## Assignment
Without any of its pictures, the listing below should be output exactly.

[Opening Source material section]

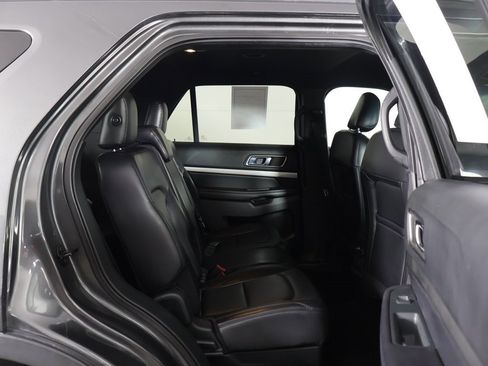 Used 2019 Ford Explorer XLT w/ Equipment Group 202A image 32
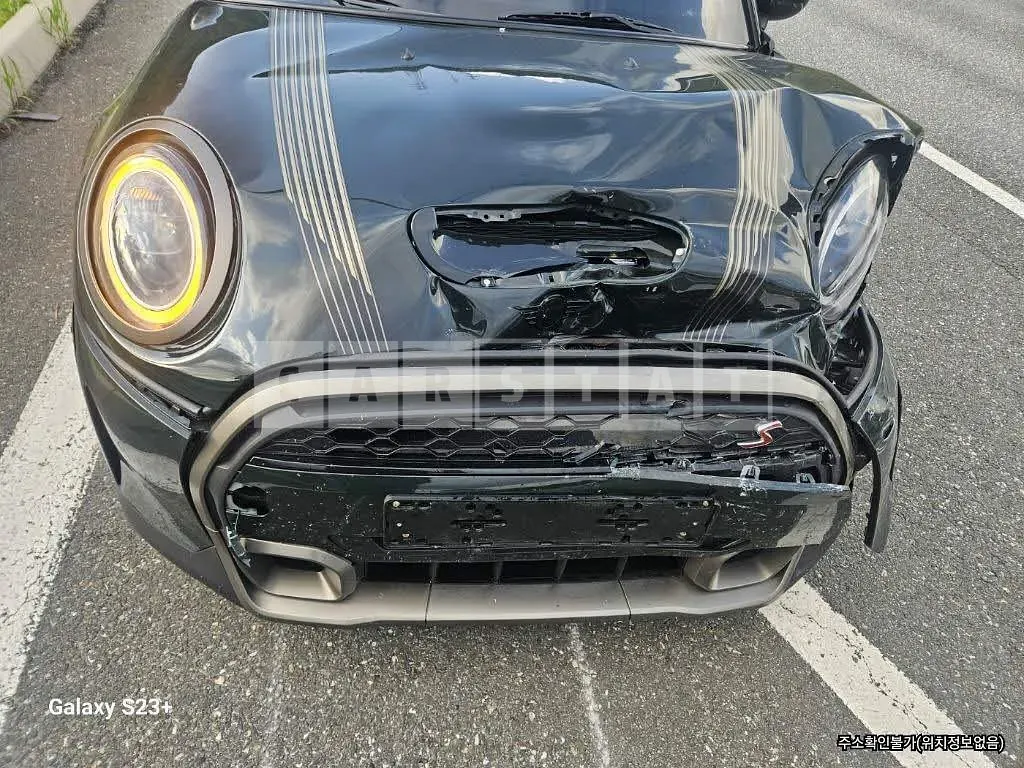 Photo 2 of 33: 2023 MINI Cooper S Five-Door, VIN WMW61DK08P2T06368 — Korean insurance auction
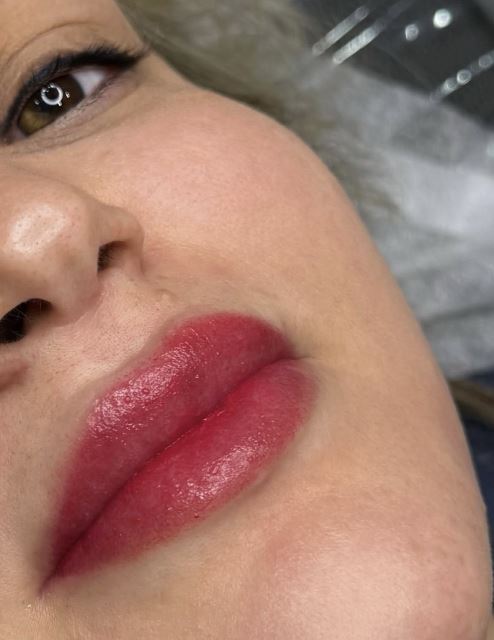 خدمات شیدینگ لب تخصصی 😍 برای دیدن نمونه کارهای بیشتر روی عکس کیلیک کنین☝🏻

[Closing Source material section]

## Task solution
 Used 2019 Ford Explorer XLT w/ Equipment Group 202A image 32
 Photo 2 of 33: 2023 MINI Cooper S Five-Door, VIN WMW61DK08P2T06368 — Korean insurance auction
 خدمات شیدینگ لب تخصصی 😍 برای دیدن نمونه کارهای بیشتر روی عکس کیلیک کنین☝🏻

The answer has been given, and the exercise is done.